PrEP: è la Profilassi pre Esposizione (da HIV) che consente di non contrarre il virus qualora si abbiano contatti a rischio. Protegge esclusivamente da un eventuale contagio da HIV e può essere assunta per via orale (compresse) o per via iniettiva. La PrEP prevede l’adesione a un protocollo per monitorare periodicamente il proprio stato di salute sierologico. Questo sito è un’ottima risorsa per informarsi e sapere dove e come è possibile entrare a farne parte.
Centri IST: si tratta di centri del Servizio Sanitario Nazionale (SSN) dedicati alle infezioni sessualmente trasmissibili. Vengono ancora diffusamente chiamati Centri MTS, ossia Malattie Trasmissibili Sessualmente.
Check Point: sono centri community based e/o di peer che forniscono informazioni e servizi mirati. Molto diffusi in Europa, stanno prendendo sempre più piede anche in Italia. Si occupano prevalentemente di benessere e salute sessuale, con focus su HIV e la sua prevenzione.
Community-based: letteralmente significa “basato sulla comunità” e, nel caso dei check point, per esempio, si tratta di servizi gestiti dalla comunità stessa a cui ci si rivolge.
Peer to peer: da pari a pari. Comunicazione e/o servizi orizzontali, tra persone che fanno parte della stessa comunità o che aderiscono a valori comuni.
Cis(gender): persona che si identifica nel genere assegnato alla nascita.
Trans(gender): persona che si identifica in un genere diverso da quello assegnato alla nascita.

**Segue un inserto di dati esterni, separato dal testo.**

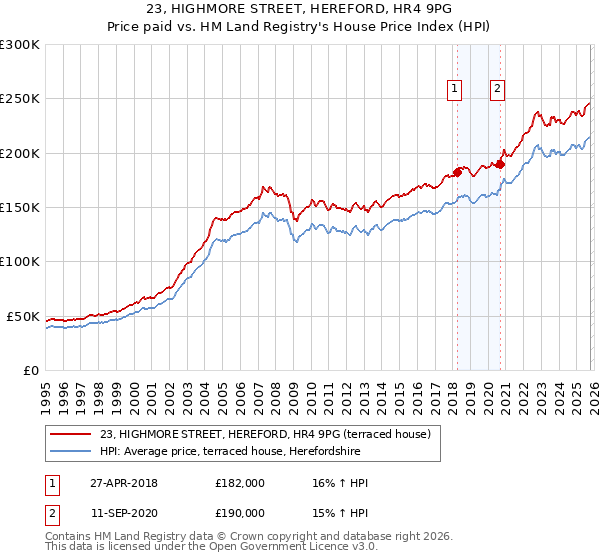23, HIGHMORE STREET, HEREFORD, HR4 9PG: Price paid vs HM Land Registry's House Price Index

Gender non conforming: una persona il cui genere non è conforme, ossia non è assimilabile a uno preciso né tantomeno binario (femminile/maschile).
MxM (Masc for Masc): si tratta di uomini cisgender che fanno sesso con altri uomini. Sono diversi dagli uomini gay, perché potrebbero essere pansessuali o etero che hanno rapporti anche con persone del loro stesso sesso.